Quantum Mechanics - Identical and Non-Identical Spin 1 particles

[Tangent87]

Hi, I am doing question 32D on page 18 here:

http://www.maths.cam.ac.uk/undergrad/pastpapers/2005/Part_2/PaperII_3.pdf

and I am stuck on the second paragraph where we have to explain how to construct the two-particle states of lowest energy for (i). identical spin-1 particles with combined total spin J=1, and (ii). non-identical spin-1 particles with combined total spin J=1.

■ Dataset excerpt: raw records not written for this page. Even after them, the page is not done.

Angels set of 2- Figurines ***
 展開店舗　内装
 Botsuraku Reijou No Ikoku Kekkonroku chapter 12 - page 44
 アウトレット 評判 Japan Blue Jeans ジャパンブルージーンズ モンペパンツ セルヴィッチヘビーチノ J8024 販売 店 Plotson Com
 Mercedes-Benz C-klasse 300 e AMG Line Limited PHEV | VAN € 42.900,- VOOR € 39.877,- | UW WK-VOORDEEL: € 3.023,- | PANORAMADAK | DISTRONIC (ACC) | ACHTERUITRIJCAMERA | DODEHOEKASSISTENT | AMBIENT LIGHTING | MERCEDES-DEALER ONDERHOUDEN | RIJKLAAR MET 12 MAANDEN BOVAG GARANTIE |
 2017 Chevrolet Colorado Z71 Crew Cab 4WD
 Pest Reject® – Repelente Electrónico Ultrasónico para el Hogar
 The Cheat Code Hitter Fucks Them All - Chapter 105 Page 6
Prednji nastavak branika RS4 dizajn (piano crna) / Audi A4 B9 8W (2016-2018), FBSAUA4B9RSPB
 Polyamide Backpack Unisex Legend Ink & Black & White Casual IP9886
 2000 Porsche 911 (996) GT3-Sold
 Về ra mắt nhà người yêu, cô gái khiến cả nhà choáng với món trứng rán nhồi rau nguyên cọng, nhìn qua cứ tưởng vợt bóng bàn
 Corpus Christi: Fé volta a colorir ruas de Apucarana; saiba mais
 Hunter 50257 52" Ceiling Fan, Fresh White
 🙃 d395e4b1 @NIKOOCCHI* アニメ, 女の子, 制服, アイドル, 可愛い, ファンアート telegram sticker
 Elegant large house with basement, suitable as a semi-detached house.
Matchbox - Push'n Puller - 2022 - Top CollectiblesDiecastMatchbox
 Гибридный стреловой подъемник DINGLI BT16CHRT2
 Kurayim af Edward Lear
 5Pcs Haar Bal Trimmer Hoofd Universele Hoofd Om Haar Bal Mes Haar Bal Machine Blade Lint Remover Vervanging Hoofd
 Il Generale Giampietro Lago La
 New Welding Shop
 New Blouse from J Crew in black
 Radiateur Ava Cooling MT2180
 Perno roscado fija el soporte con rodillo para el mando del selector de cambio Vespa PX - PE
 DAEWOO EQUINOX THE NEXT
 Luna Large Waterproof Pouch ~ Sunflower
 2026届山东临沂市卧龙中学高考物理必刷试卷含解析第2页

I found in the first part of the question that all three of the J=1 spin states are antisymmetric, and thus for (i) since we have identical spin 1 particles the total state must be symmetric overall therefore the only possible state is \psi_1(A)\psi_1(B). But I'm not sure about this because I don't think it takes into account the fact that we're in a total spin J=1 state.

For (ii), I said that since the particles are non-identical there is no exchange symmetry and so we can have any of the three states: \psi_1(A)\psi_1(B)|1 M> for M=-1,0 or 1. Is that correct?

[ideasrule]

I found in the first part of the question that all three of the J=1 spin states are antisymmetric, and thus for (i) since we have identical spin 1 particles the total state must be symmetric overall therefore the only possible state is \psi_1(A)\psi_1(B). But I'm not sure about this because I don't think it takes into account the fact that we're in a total spin J=1 state.

If the total state must be symmetric and the spin states are all antisymmetric, that means the wavefunction must be antisymmetric. \psi_1(A)\psi_1(B) is not antisymmetric.


For (ii), I said that since the particles are non-identical there is no exchange symmetry and so we can have any of the three states: \psi_1(A)\psi_1(B)|1 M> for M=-1,0 or 1. Is that correct?

Yes, and all three states have identical energy.

[Tangent87]

If the total state must be symmetric and the spin states are all antisymmetric, that means the wavefunction must be antisymmetric. \psi_1(A)\psi_1(B) is not antisymmetric.


So in order to have the wavefunction being antisymmetric would I need to have something like \frac{1}{\sqrt{2}}(\psi_1(A)\psi_2(B)-\psi_2(A)\psi_1(B))?

The only trouble I have with this is that the wavefunction now involves terms from the second energy level whilst we're only dealing with the lowest energy level, is this a problem?

[ideasrule]

So in order to have the wavefunction being antisymmetric would I need to have something like \frac{1}{\sqrt{2}}(\psi_1(A)\psi_2(B)-\psi_2(A)\psi_1(B))?


Yes, that's correct.

The only trouble I have with this is that the wavefunction now involves terms from the second energy level whilst we're only dealing with the lowest energy level, is this a problem?

The wavefunction involves second-energy-level one-particle states, while the problem asks for the lowest-energy two-particle state. For fermions, the lowest-energy two-particle state indeed includes excited one-particle states.

[Tangent87]

Ah okay, that clears everything up, thanks again.